Continuing my cookbook work with chefs, I am now brainstorming with Chef David Burke on a new project. When we last worked together David was the chef at Park Avenue Café. And, here he is a few years later with a string of restaurants across the country: Fishtail and David Burke Townhouse as well as David Burke at Bloomingdale’s in New York City, David Burke Primehouse, Chicago, David Burke Las Vegas and Burke in a Box at McCarran Airport, Las Vegas, David Burke Fromagerie in Rumson, New Jersey, David Burke Prime and Burke in a Box at Foxwoods in Connecticut as well as his commercial ventures that include Gourmet Pops and Flavor Sprays. We recently have had some wonderful conversations, bits of which I would like to share.
Having done one book with David, I am delighted to have the opportunity to work with him again as he is, without a doubt, one of the nicest people I know. And, he is the only chef that ever sent me flowers – 3 dozen long-stemmed yellow roses they were!
Talking with David Burke
JC: Since you have so many restaurants in varying locations, I would guess that you really have the pulse on how the business is holding up in these difficult economic times.
DB: Everyone is hurting in Vegas – tourism and conventions have lessened considerably in the past few months. But, otherwise, we are doing pretty darned well – as you can tell tonight (we were sitting in a packed dining room upstairs at Fishtail).
JC: Yes, indeed. I can’t tell you how many times I heard your reservationist say “I can give you 5:30 or 10” as I waited for you this afternoon. I was, frankly, very surprised. What are you doing to attract such business?
DB: I know that, more than ever, diners are now looking for value and we try to give it while keeping our menu innovative. We are offering more prix fixe menus at all of the restaurants and introducing a well-priced brunch on weekends to bring new diners to the table. I insist on using the highest quality ingredients which makes it very difficult to lower prices, so we have to be more inventive in how we use ingredients. Prix fixe menus are one way to do this.

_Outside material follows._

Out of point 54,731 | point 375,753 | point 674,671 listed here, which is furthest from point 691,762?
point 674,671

JC: What about staffing – I had heard that there is an abundance of trained cooks and front of the house people looking for jobs as the economic downturn has closed more and more high-end dining establishments.
DB: Good times or bad times, it is always hard to find really great people. Nowadays, all the young turks want to be television stars as soon as they get their first job. I worked hard – and still work hard – to earn this white coat. I didn’t expect it to be handed to me, but it is sure hard to convince the young cooks that there are a lot of 18 hour days in my name on a chef’s coat. At the moment, I am really lucky with my New York kitchens – I have John Tesar at Fishtail (he was formerly at The Mansion on Turtle Creek in Dallas) and Sylvain Delpique at Townhouse, two really terrific chefs who know exactly what needs to be done to keep the kitchen humming.

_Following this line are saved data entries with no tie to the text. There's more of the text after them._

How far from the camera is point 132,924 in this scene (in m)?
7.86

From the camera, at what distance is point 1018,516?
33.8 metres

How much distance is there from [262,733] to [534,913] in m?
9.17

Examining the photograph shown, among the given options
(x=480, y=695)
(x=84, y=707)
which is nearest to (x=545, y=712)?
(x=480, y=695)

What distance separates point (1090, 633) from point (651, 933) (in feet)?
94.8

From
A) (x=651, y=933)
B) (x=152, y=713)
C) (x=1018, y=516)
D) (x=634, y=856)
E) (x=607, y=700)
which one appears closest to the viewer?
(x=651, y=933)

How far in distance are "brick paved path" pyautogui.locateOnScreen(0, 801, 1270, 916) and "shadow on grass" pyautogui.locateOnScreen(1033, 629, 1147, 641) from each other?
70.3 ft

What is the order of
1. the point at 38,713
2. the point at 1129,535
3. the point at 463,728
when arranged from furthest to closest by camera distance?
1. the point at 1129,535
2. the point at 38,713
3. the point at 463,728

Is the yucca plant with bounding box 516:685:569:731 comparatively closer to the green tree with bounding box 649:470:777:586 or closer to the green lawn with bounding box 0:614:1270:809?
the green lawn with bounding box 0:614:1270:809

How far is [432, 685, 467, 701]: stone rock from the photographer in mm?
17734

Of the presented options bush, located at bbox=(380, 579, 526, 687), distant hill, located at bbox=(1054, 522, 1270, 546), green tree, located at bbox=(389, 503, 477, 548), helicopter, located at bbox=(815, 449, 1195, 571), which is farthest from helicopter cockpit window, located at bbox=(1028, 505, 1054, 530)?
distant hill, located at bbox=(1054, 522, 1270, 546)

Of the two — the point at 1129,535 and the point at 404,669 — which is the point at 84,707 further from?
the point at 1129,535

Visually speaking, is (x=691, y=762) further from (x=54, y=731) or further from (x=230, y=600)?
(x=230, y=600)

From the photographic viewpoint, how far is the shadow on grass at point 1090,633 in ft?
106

JC: What about the front of the house?
DB: You know the old saw about the front of the house always locked in battle with the kitchen? Well, it is more often than not true, but I do try to keep the peace by making sure that we all are headed in the same direction – giving diners a memorable night out. Unfortunately, there are too few restaurants with the ability and time to train service personnel. Just remember, in the old days, the wait staff had to spend training time in the kitchen as they prepared sauces, salads, and meat and fish dishes table-side. This hasn’t been done for years and nowadays most front of the house personnel are people with other interests and careers. I try to understand this and still build a great crew and I know that I can be a difficult boss as I strive to give diners the perfect experience.
JC: Tell me a bit about the premise of Fishtail. Although I remember your tales of shucking clams and oysters on the Jersey shore as a boy, I still think of you more as a meat person. Why fish now, with the issue of sustainability present?

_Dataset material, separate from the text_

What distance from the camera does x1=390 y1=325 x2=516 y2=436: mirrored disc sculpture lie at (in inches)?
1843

DB: For a long time I have wanted to take fish from that old broiled with a wedge of lemon. All of the fish at Fishtail comes either from Litchfield Farms, my company-owned boat out of Brielle, New Jersey or from Hunt’s Point’s top guys. My goal is to make Fishtail the first completely sustainable seafood restaurant in the country. But, I also want the dishes on the menu to be as interesting and inventive as anything I have ever done.
JC: You have just served me one of the most delicious fish dishes I have ever eaten. Far simpler than I’m used to at your table, but absolutely spectacular; butter poached king crab with parsley pureé and garlic foam. I know that I am going to dream about this dish!